DATA PROVIDED
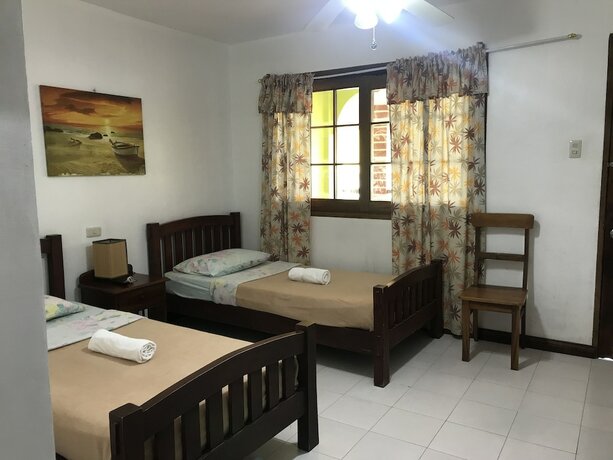 Imagen de la habitación del Hotel Marina Village Resort Moalboal. Foto 2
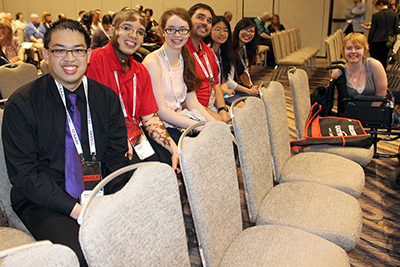 Students with Disabilities sit in a conference room.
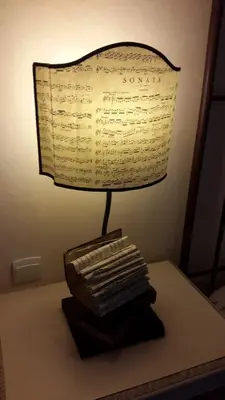 a lamp sitting on top of a table with a book at Hotel du Poète in Fontaine-de-Vaucluse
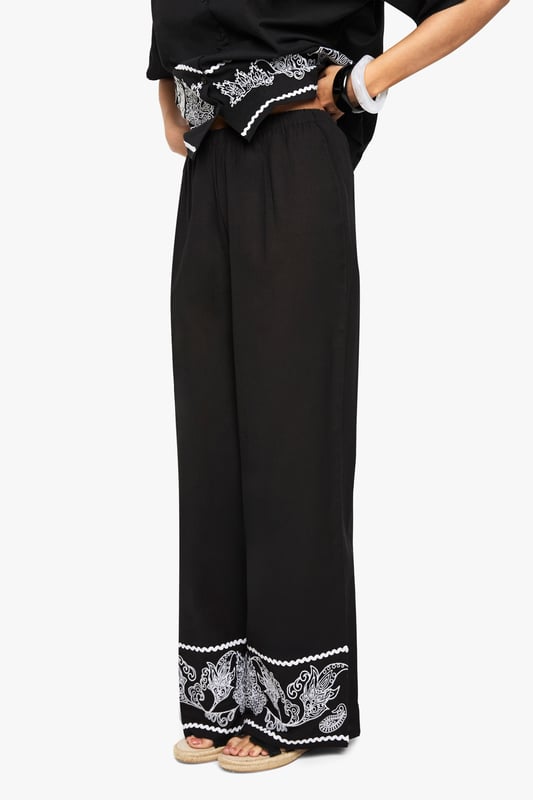 Cotton poplin wide leg trousers featuring striking embroidered border detail
        Relaxed silhouette with comfortable high-rise waistband
        Matching embroidered short-sleeve shirt creates a coordinated set
        Breathable cotton fabric ideal for warm-weather styling
        Versatile wide leg cut that flatters all body shapes
    
    Make a statement in these eye-catching embroidered wide leg trousers from Boohoo. The striking contrast border detailing adds artistic flair to this casual yet sophisticated piece. Crafted from breathable cotton poplin, these trousers offer both comfort and style for your everyday wardrobe. Style them as shown with the matching embroidered shirt for a coordinated look that's perfect for summer gatherings, or pair with a simple vest top and trainers for a more relaxed daytime ensemble. The wide leg silhouette creates a breezy, effortless feel that works brilliantly with flat sandals as pictured. For cooler evenings, layer with a denim jacket and accessorise with a woven bag to complete this contemporary casual look. These trousers transition seamlessly from beach holidays to city breaks, offering versatility for the fashion-forward woman.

WORK REQUIRED
From the first line to the last, output the records exactly without pictures.

ANSWER SPACE
 Imagen de la habitación del Hotel Marina Village Resort Moalboal. Foto 2
 Students with Disabilities sit in a conference room.
 a lamp sitting on top of a table with a book at Hotel du Poète in Fontaine-de-Vaucluse
 Cotton poplin wide leg trousers featuring striking embroidered border detail
        Relaxed silhouette with comfortable high-rise waistband
        Matching embroidered short-sleeve shirt creates a coordinated set
        Breathable cotton fabric ideal for warm-weather styling
        Versatile wide leg cut that flatters all body shapes
    
    Make a statement in these eye-catching embroidered wide leg trousers from Boohoo. The striking contrast border detailing adds artistic flair to this casual yet sophisticated piece. Crafted from breathable cotton poplin, these trousers offer both comfort and style for your everyday wardrobe. Style them as shown with the matching embroidered shirt for a coordinated look that's perfect for summer gatherings, or pair with a simple vest top and trainers for a more relaxed daytime ensemble. The wide leg silhouette creates a breezy, effortless feel that works brilliantly with flat sandals as pictured. For cooler evenings, layer with a denim jacket and accessorise with a woven bag to complete this contemporary casual look. These trousers transition seamlessly from beach holidays to city breaks, offering versatility for the fashion-forward woman.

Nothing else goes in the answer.